The idea of a xeriscape is to use landscape designs and plants that fit the natural environment. Using mulch, for example, keeps soil moist and reduces watering and evaporation.
The right kind of sprinkler can also make a difference, said Hitchcock, the principal analyst in the water district's conservation management division. A drip or trickle irrigation system using narrow, porous tubes that slowly soaks plants' roots can cut water use by 20% to 50%.
In Southern California, about 50% of the average household's water bill is spent on watering outdoor landscapes.
"Water is a finite source that will become increasingly expensive as we face droughts," said Jim Van Haun, a spokesman for the Orange County Water District. Most of the xeriscape push in Orange County is toward the south, where most of the new development is taking place, Van Haun said.
The Municipal Water District of Orange County, the primary importer of water for the county, has sponsored for the last eight years an annual xeriscape conference, which attracts several hundred landscape architects, contractors, irrigation specialists, gardeners and homeowners, according to a spokeswoman.
In Los Angeles, where city officials adopted a comprehensive ordinance last year in hopes of conserving water, new developments must submit landscaping plans that meet a xeriscape point system, said John Stodder, the environmental affairs adviser to Mayor Tom Bradley.

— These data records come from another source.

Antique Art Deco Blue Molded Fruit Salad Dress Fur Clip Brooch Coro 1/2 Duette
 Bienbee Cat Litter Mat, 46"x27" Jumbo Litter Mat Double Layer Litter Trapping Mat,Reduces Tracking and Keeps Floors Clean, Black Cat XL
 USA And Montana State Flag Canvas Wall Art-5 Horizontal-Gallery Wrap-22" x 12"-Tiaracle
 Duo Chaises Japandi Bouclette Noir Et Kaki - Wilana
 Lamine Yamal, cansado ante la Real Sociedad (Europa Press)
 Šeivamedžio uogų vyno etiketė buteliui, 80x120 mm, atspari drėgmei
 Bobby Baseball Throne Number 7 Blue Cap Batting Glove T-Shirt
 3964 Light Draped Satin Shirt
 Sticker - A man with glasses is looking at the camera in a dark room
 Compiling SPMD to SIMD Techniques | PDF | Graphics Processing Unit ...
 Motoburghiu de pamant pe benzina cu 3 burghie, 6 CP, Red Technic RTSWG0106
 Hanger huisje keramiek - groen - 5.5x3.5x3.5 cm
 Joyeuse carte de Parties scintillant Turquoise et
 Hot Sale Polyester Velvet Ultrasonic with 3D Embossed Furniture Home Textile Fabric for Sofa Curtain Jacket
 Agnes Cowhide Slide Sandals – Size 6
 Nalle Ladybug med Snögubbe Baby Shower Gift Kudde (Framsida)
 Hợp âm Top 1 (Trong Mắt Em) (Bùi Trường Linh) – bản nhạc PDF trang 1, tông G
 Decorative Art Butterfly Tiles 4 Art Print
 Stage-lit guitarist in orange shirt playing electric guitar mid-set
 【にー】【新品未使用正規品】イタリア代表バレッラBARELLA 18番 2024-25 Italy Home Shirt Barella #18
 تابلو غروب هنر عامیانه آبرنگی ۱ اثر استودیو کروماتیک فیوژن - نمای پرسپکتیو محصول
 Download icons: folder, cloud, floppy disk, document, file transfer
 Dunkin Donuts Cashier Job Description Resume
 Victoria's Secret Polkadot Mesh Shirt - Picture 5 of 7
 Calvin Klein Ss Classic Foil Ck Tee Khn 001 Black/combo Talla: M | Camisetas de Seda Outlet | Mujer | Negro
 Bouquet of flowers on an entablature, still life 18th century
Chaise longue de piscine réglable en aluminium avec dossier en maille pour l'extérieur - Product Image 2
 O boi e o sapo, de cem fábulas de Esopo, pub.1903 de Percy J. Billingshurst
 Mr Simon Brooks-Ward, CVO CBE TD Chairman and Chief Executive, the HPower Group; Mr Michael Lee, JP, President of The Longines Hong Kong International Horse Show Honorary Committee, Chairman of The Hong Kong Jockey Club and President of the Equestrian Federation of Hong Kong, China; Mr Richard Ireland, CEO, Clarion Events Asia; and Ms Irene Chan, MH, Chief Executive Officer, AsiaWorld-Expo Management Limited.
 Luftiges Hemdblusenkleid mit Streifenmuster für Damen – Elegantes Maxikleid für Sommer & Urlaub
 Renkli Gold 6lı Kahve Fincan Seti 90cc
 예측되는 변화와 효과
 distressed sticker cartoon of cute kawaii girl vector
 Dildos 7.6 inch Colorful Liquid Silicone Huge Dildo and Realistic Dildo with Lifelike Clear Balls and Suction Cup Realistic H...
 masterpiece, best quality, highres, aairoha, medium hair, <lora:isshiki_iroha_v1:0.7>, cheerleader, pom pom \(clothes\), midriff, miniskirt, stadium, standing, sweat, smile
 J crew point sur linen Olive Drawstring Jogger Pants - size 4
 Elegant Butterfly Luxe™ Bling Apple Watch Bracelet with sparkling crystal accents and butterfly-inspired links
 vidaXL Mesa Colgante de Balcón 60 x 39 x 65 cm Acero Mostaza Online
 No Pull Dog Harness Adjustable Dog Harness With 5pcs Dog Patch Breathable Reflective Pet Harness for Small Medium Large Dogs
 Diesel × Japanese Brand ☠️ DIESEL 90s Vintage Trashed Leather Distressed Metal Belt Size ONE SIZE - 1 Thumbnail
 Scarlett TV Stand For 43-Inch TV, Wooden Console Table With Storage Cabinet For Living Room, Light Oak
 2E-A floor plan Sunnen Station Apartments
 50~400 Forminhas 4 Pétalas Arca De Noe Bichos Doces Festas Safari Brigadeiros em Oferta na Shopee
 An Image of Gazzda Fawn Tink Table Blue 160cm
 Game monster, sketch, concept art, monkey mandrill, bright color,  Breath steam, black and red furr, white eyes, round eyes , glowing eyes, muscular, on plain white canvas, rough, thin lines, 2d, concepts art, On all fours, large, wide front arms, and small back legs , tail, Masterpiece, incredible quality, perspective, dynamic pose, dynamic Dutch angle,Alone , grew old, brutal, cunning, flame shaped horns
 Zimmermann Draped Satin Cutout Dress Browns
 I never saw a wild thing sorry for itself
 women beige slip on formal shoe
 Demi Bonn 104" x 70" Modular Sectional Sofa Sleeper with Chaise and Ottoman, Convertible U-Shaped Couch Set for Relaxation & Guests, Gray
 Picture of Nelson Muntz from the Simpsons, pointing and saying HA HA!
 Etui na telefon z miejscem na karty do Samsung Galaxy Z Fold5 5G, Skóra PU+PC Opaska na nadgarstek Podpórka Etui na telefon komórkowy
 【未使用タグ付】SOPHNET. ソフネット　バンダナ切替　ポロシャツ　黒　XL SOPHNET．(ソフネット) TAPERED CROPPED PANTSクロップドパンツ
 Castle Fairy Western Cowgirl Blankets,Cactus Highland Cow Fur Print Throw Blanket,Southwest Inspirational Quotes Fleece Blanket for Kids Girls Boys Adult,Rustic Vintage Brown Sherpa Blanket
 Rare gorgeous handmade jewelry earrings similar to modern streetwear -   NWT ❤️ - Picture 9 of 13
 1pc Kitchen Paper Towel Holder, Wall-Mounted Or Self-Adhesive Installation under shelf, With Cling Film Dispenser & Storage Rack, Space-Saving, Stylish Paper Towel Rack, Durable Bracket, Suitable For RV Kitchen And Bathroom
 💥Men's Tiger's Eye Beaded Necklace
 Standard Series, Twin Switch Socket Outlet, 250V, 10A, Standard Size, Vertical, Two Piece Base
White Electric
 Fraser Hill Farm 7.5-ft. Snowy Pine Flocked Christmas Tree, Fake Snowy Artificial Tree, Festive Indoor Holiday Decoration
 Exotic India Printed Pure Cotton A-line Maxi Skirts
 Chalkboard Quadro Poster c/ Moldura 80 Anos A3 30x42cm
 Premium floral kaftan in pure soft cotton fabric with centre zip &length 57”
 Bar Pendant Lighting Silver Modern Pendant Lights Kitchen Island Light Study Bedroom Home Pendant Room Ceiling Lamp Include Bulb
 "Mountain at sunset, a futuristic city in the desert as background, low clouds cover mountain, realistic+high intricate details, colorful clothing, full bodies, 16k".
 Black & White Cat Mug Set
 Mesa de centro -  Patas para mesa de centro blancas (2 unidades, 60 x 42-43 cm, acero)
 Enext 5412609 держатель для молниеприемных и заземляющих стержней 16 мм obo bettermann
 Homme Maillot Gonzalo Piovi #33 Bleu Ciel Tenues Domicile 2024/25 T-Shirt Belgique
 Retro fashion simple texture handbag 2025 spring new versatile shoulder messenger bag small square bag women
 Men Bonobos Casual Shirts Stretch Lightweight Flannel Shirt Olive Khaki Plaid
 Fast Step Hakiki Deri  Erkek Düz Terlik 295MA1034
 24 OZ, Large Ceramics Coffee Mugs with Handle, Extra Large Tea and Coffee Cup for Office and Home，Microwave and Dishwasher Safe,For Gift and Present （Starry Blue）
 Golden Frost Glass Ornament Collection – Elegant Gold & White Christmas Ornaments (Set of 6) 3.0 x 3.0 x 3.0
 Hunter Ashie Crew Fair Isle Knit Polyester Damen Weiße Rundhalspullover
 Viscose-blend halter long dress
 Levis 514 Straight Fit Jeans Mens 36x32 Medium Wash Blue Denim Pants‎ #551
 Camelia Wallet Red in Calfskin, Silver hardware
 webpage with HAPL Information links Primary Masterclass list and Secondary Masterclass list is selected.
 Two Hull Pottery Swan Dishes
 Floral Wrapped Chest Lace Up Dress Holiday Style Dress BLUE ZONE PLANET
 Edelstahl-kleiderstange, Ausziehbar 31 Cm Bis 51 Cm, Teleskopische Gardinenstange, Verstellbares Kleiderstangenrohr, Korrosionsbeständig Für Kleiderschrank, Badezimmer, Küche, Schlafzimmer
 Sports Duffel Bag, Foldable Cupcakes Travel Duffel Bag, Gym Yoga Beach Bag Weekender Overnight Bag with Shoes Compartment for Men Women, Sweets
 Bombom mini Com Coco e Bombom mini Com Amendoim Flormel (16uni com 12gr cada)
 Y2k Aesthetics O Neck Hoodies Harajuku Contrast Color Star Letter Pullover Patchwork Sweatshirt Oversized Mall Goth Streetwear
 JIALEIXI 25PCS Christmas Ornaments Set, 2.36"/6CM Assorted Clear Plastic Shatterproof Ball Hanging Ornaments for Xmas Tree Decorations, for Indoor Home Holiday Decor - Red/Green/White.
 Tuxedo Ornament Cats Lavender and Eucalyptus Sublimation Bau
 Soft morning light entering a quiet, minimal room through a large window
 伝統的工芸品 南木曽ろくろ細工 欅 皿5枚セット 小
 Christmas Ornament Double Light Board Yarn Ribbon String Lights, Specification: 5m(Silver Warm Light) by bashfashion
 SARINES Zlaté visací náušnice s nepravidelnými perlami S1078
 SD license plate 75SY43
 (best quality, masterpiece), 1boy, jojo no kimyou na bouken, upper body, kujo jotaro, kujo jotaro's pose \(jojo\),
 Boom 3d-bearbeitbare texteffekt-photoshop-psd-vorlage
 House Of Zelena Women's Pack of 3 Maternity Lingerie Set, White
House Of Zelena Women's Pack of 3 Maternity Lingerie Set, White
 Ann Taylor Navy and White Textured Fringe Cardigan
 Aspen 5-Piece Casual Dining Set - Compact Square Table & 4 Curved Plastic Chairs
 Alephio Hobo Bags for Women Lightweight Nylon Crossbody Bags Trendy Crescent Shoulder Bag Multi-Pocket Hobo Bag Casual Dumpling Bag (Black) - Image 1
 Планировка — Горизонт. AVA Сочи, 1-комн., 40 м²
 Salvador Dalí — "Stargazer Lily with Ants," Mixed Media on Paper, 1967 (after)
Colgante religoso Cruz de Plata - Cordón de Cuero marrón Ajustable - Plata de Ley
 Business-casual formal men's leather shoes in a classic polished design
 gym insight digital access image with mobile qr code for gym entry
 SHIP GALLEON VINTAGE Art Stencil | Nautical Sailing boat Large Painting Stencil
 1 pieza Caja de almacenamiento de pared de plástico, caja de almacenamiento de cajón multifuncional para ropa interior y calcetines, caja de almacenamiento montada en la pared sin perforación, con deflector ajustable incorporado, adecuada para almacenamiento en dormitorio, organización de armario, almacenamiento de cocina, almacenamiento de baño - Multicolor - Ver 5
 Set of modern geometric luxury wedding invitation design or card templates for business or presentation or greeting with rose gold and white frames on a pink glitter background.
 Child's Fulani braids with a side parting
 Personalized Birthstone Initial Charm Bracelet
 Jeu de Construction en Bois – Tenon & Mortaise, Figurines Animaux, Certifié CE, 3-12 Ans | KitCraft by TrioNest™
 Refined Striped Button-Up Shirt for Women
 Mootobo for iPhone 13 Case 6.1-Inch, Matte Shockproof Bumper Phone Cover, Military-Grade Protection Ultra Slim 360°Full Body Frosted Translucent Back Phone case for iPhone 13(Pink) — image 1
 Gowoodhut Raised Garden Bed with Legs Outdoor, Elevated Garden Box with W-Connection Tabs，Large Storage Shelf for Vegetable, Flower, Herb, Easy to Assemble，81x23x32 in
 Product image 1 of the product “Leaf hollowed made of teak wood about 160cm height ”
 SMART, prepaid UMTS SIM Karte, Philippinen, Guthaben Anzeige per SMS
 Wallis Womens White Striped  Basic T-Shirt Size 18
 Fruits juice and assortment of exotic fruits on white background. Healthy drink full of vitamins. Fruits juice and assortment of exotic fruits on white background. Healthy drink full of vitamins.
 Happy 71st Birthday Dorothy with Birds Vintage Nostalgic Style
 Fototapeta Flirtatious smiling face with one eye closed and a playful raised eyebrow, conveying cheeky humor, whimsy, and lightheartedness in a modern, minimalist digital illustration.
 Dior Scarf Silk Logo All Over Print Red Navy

The city of Santa Monica also adopted a xeriscape ordinance last year affecting new commercial and multifamily construction that includes landscaping. The new law limits lawn area to 20% of the landscaping, urges grouping plants with similar water needs together and calls for the use of water-conserving plants and efficient irrigation systems, said Atossa Soltani, the city's water conservation coordinator.